#### [Task to carry out]
For the records below, please print exactly and only the lines from the one with "a view of a" down to the one with "712 Proud Eagle", both ends included, omitting the pictures.

#### [Data extract]
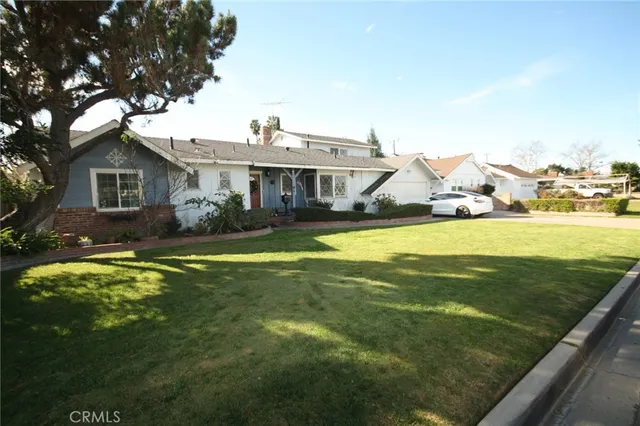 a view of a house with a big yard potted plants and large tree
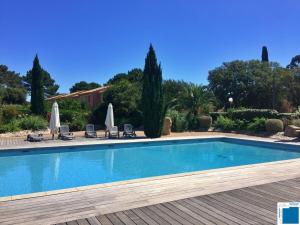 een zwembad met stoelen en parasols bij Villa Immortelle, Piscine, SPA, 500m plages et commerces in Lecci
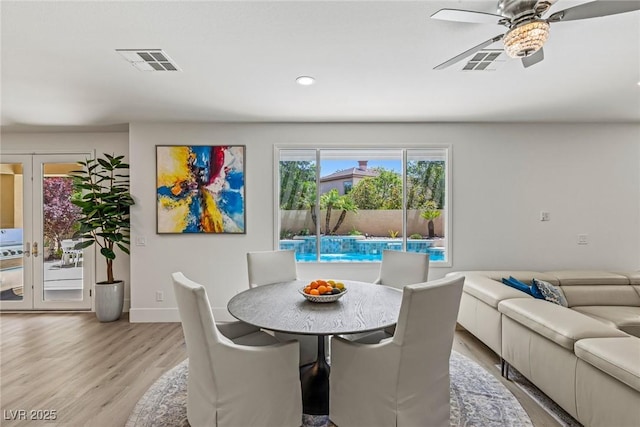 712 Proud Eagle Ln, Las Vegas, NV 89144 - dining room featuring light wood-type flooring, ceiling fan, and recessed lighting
---
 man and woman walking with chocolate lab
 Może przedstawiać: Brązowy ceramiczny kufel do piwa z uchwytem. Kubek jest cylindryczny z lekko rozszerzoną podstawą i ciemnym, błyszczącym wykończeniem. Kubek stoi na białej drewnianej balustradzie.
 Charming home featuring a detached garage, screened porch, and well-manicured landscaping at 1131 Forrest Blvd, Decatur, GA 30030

#### [The answer]
 a view of a house with a big yard potted plants and large tree
 een zwembad met stoelen en parasols bij Villa Immortelle, Piscine, SPA, 500m plages et commerces in Lecci
 712 Proud Eagle Ln, Las Vegas, NV 89144 - dining room featuring light wood-type flooring, ceiling fan, and recessed lighting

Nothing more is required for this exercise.